MIT Researchers Create Cheap 'Air-Breathing' Battery For Green Energy
Scientists from the Massachusetts Institute of Technology have spent years developing a cheaper large-scale battery for electrical grids powered by renewable energy. They have finally created a battery that uses sulfur, liquid salt, and oxygen.
Updated May 25 2019, 1:10 a.m. ET
In order to make renewable energy reliable on a large scale, there needs to be a way to store the power that's being generated. Batteries are the best solution, but lithium-ion can be a costly product and they lose capacity after every recharge. Researchers at the Massachusetts Institute of Technology have developed a more natural battery that’s not only reliable, but much less expensive.
This new battery is labeled as “air-breathing,” meaning that oxygen does push in and out of it to make it work. Sulfur dissolved in water is the anode (negative side) of the battery while a liquid salt solution represents the cathode (plus side). When oxygen moves into the battery, electrons are released from the anode.
How does the battery get recharged? Oxygen moves out of it so the electrons come back into the anode. Yet-Ming Chiang, one of the researchers and a co-author of the project’s report, explained that the battery breathes in and exhales oxygen -- it’s not like humans that release carbon dioxide.

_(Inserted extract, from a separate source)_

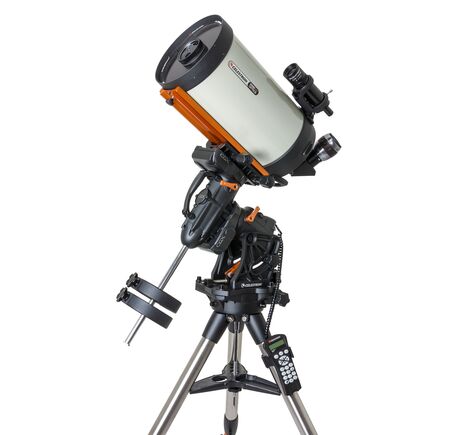 Celestron CGX 925 EdgeHD - Schmidt-Cassegrain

The project began back in 2012 with the focus on creating a large-scale battery that can be used to store energy for the grid. Chiang told MIT News that he didn’t believe the high cost of lithium-ion would be sustainable in the long run: “This meant maybe we weren’t focusing on the right thing, with an ever-increasing chemical cost in pursuit of high energy-density. We said, ‘If we want energy storage at the terawatt scale, we have to use truly abundant materials.’”
During the research process, sulfur was immediately decided as the battery’s anode. However, it took a while for the scientists to find a compatible liquid cathode that was cheap. Prior to using liquid salt, one of the chemical compounds that tested was potassium permanganate. While it didn’t end up working, they found the battery ended up recharging due to its reaction from the oxygen.

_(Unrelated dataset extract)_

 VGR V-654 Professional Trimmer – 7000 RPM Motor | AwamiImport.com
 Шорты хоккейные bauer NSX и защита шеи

With that discovery, they ended up creating an ultra-cheap battery. According to the news article, the combination of all three parts of this battery would be “1/30th the cost of competing batteries, such as lithium-ion batteries.” It’s one of the cheapest rechargeable batteries that you could make.
Even though the prototype is very small -- the scientists say it’s no bigger than a coffee cup -- the battery can easily be scaled up to store energy in the grid. Power can be stored for seasons at a time, but it can discharge easier than other alternatives. For this reason, storing electricity from wind and solar-generated power might be the best use for it.
This isn’t the first time salt has been used in a renewable energy storage process. Google has been researching a process that uses salt and antifreeze and is also fairly cheap. Solar and wind power may not be reliable on its own, but we’re finding amazing ways to store this energy so we don’t have to keep using fossil fuels.